I have nothing against Millennials (or any other generation for that matter) – both my daughters are part of that cohort.
But what gets up my nose is the fascination the business world has with this generation, often at the expense of the far more numerous and lucrative, older consumer. I recently spoke at a travel conference (see video) where the vast majority of attention was directed to the Millennial generation. Only when I laid out the facts about who is spending what on travel did the audience realise the relevance of my presence there. When will the business world wake up!?
A recent article from Boston Consulting “How Millennials Are Changing the Face of Marketing Forever“. The article explains “……. only now are the first Millennials reaching peak buying power.
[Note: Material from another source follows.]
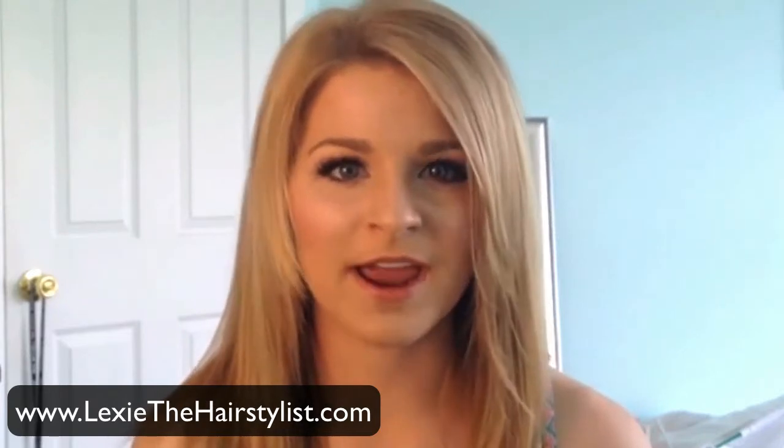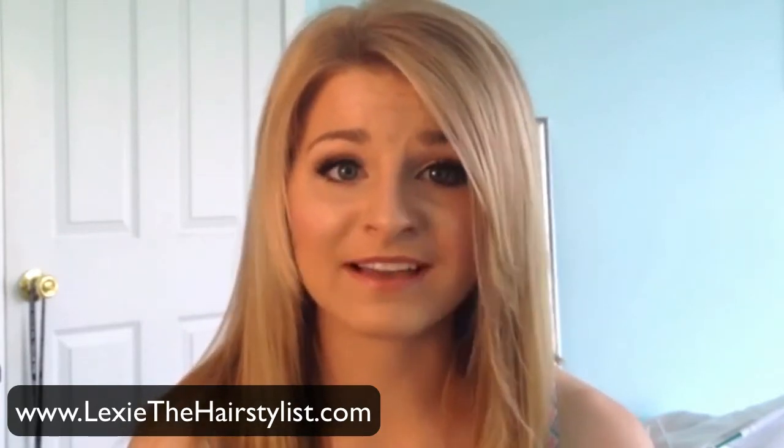Hey there, it's Lexi. Today I'm going to be showing you how to straighten your hair. It is so simple and a lot of people still ask me how to do it, so I'm going to be showing you the technique I use.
In the U.S., by 2030, Millennials will likely outnumber baby boomers 78 million to 56 million—and they are forming lifelong shopping preferences and habits now”.
Firstly, I don’t believe people of any age develop “lifelong shopping habits” any more. Brand loyalty and buying behaviour are as unpredictable as the weather. Secondly, if marketers can get excited about what this cohort might be doing in 2030, why can’t they be equally excited by what their older customers are doing now!?
As mentioned in my post yesterday regarding eHealth, the digital divide between seniors and the rest of the population is disappearing. As are so many other aspects of marketing. To this end, I question the sense of age (or generation) – based marketing strategies unless there is a clear need for it.
Why exclude any potential market, particularly a large and lucrative one as the older consumer?